Aiding the Injured:
Administer first aid and seek medical attention for any injured person following a disaster.
- Check for injuries. Do not attempt to move seriously injured persons unless they are in immediate danger of death or further injury. If you must move an unconscious person, first stabilize the neck and back, then call for help immediately.
- If the victim is not breathing, carefully position the victim for artificial respiration, clear the airway and commence mouth-to-mouth resuscitation.
- Maintain body temperature with blankets. Be sure the victim does not become overheated.
- Never try to feed liquids to an unconscious person.
- Be aware of exhaustion. Don’t try to do too much at once. Set priorities and pace yourself. Get enough rest.
- Drink plenty of clean water. Eat well.
- Wear sturdy work boots and gloves.
- Wash your hands thoroughly with soap and clean water often when working in debris.
Be aware of safety issues after a disaster.
- Be aware of new safety issues created by the disaster. Watch for washed out roads, contaminated buildings, contaminated water, gas leaks, broken glass, damaged electrical wiring and slippery floors.
- Inform local authorities about health and safety issues, including chemical spills, downed power lines, washed out roads, smoldering insulation and dead animals.
Inspect your home carefully before entering. Walk carefully around the outside and check for loose power lines, gas leaks and structural damage. If you have any doubts about safety, have your residence inspected by a qualified building inspector or structural engineer before entering.
- Keep a battery-powered radio with you so you can listen for emergency updates and news reports.
- Use a battery-powered flash light to inspect a damaged home.
Note: The flashlight should be turned on outside before entering – the battery may produce a spark that could ignite leaking gas, if present.
- Watch out for animals, especially poisonous snakes. Use a stick to poke through debris.
- Use the phone only to report life-threatening emergencies.
- As you return home, watch for fallen objects; downed electrical wires; and weakened walls, bridges, roads and sidewalks.
Do not enter if:
- You smell gas.
- Floodwaters remain around the building.
- Your home was damaged by fire and the authorities have not declared it safe.
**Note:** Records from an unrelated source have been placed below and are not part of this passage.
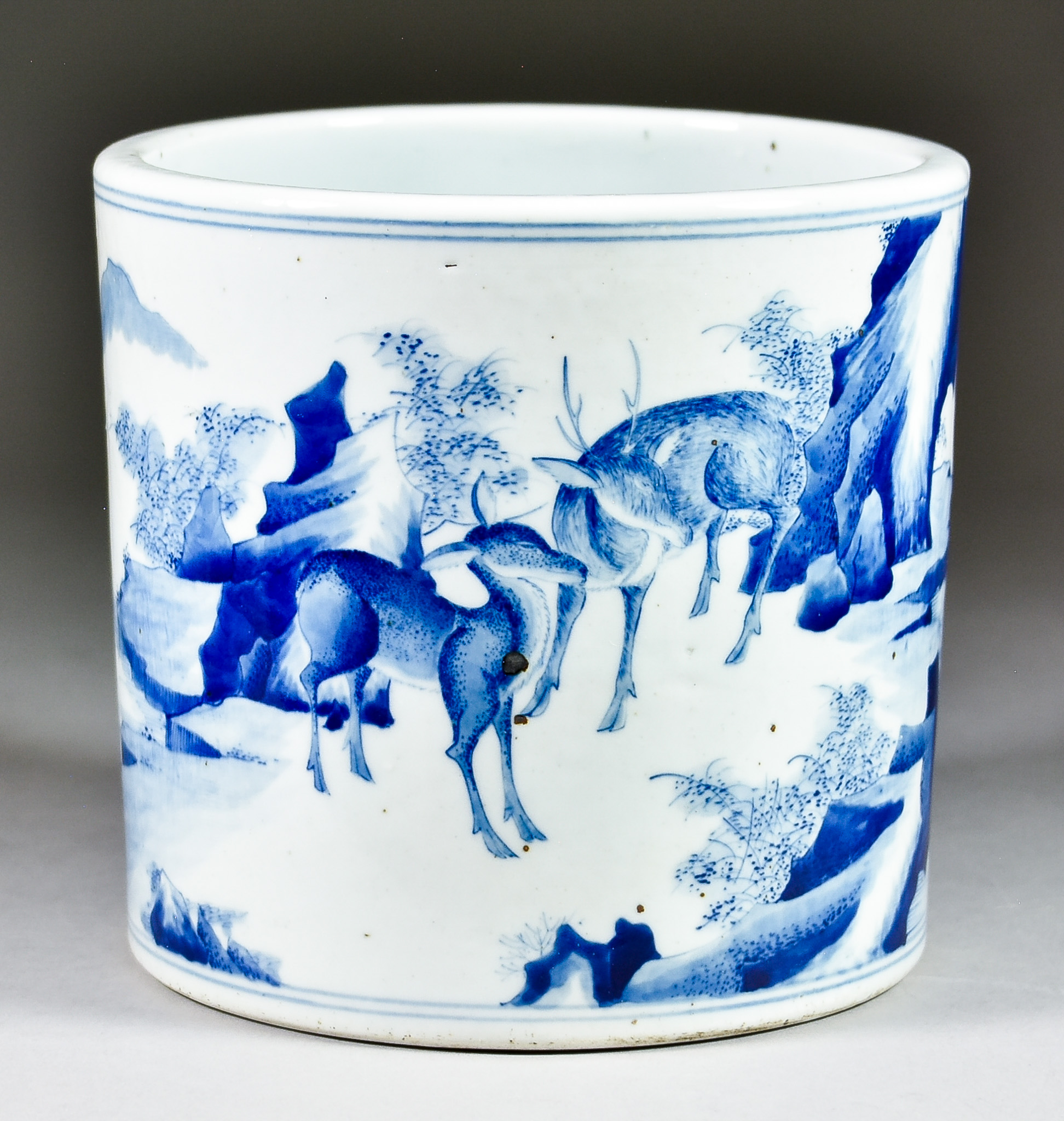 A Chinese Blue and White Porcelain Cylindrical Brush Pot, 20th Century, decorated with two deer in a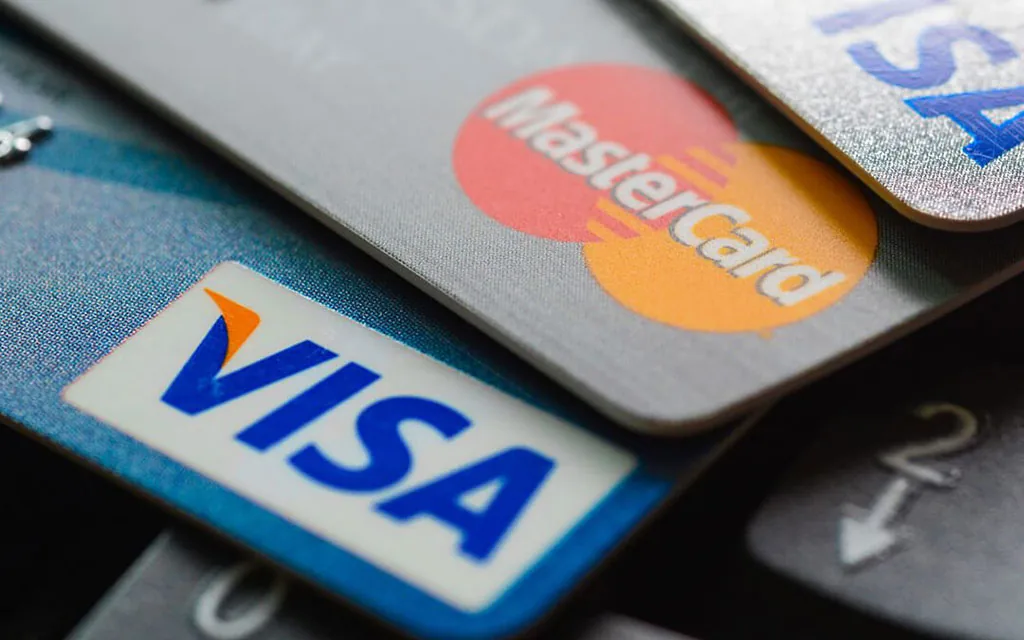 Stack of Visa and Mastercard credit cards representing debt to consolidate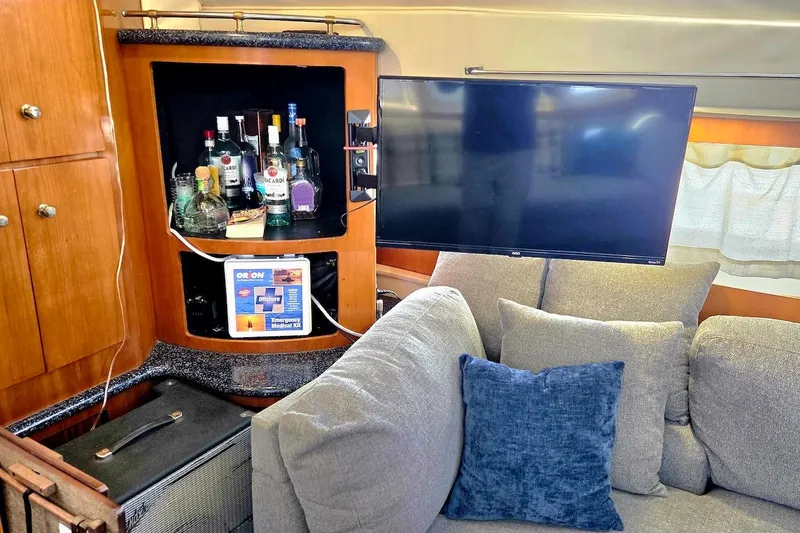 Slide: The Image of Interior of 2000 Carver 396 Motor Yacht with bar, TV, and cozy seating area. - 31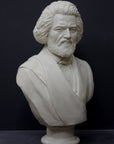 photo of white plaster cast sculpture of bust of Frederick Douglass with beard and in suit coat with toga over one shoulder on dark gray background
Be cautious when entering your home after a disaster. When you go inside your home, there are certain things you should and should not do. Enter the home carefully and check for damage. Be aware of loose boards and slippery floors. The following items are other things to check inside your home:
- Natural gas. If you smell gas or hear a hissing or blowing sound, open a window and leave immediately. Turn off the main gas valve from the outside, if you can. Call the gas company from a neighbor’s residence. If you shut off the gas supply at the main valve, you will need a professional to turn it back on. Do not smoke or use oil, gas lanterns, candles or torches for lighting inside a damaged home until you are sure there is no leaking gas or other flammable materials present.
- Sparks, broken or frayed wires. Check the electrical system unless you are wet, standing in water or unsure of your safety. If possible, turn off the electricity at the main fuse box or circuit breaker. If the situation is unsafe, leave the building and call for help. Do not turn on the lights until you are sure they’re safe to use. You may want to have an electrician inspect your wiring.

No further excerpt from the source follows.